Brexit | Was bedeutet das für ERP-Anwender?

Das Thema Brexit – also der Austritt des Vereinigten Königreichs (im weiteren Text mit Großbritannien bezeichnet) aus der Europäischen Union (EU) – ist nahezu täglich in der Presse und in den Medien präsent. Mit dem schriftlichen Antrag der britischen Regierung auf Austritt aus der EU begann die in den Statuten der EU festgelegte Frist von maximal 2 Jahren bis zum Vollzug des Austritts. Diese Frist lief am 29. März 2019 um 23:00 Uhr (deutscher Zeit) ab, in Folge wurde dann eine Verschiebung des Austritts beantragt.

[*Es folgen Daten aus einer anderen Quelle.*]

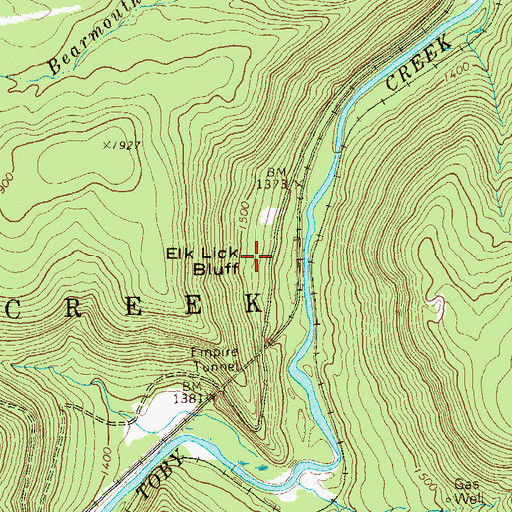 Topographic Map of Elk Lick Bluff, PA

Der genaue Austrittszeitpunkt ist unbekannt, nach dem Rücktritt der Premierministerin May kann er aber durchaus schnell vollzogen werden. Alle Vorteile, die in Verbindung mit der EU-Mitgliedschaft stehen, gehen damit verloren, und Großbritannien gilt ab dann als Drittland.

Gibt es bis dahin keine weitergehenden Vereinbarungen (harter Brexit) mit der EU, wird der Handel zwischen Großbritannien und der EU nach den Regeln der World Trade Organisation (WTO) gemäß den Regeln für Drittstaaten erfolgen. Dies bringt wesentliche Änderungen in den Geschäftsprozessen mit sich, die wiederum erhebliche Auswirkungen auf Ihr kaufmännisches Rechnungswesen (ERP) wie z. B. SAP oder Microsoft Dynamics NAV bzw. Microsoft Dynamics 365 Business Central haben können.



Welche Änderungen sind für SAP-Anwender relevant?

1. Länderzuordnung SAP:
Im SAP-Customizing muss das Kennzeichen „Mitglied der EU“ entfernt werden.

2. Umsatzsteuer-ID-Nummern:
Mit dem Austritt von Großbritannien verliert die Umsatzsteuer-ID Ihrer Geschäftspartner aus Großbritannien ihre Gültigkeit. Sämtliche britischen Geschäftspartneradressen müssen entsprechend angepasst werden.

3. Mehrwertsteuersätze SAP:
Die bisher gültigen Mehrwertsteuersätze sind dahingehend zu ändern, dass die Gültigkeit zum 29.03.2019 begrenzt wird und neue Mehrwertsteuersätze für die Drittlands-Abwicklung angelegt werden.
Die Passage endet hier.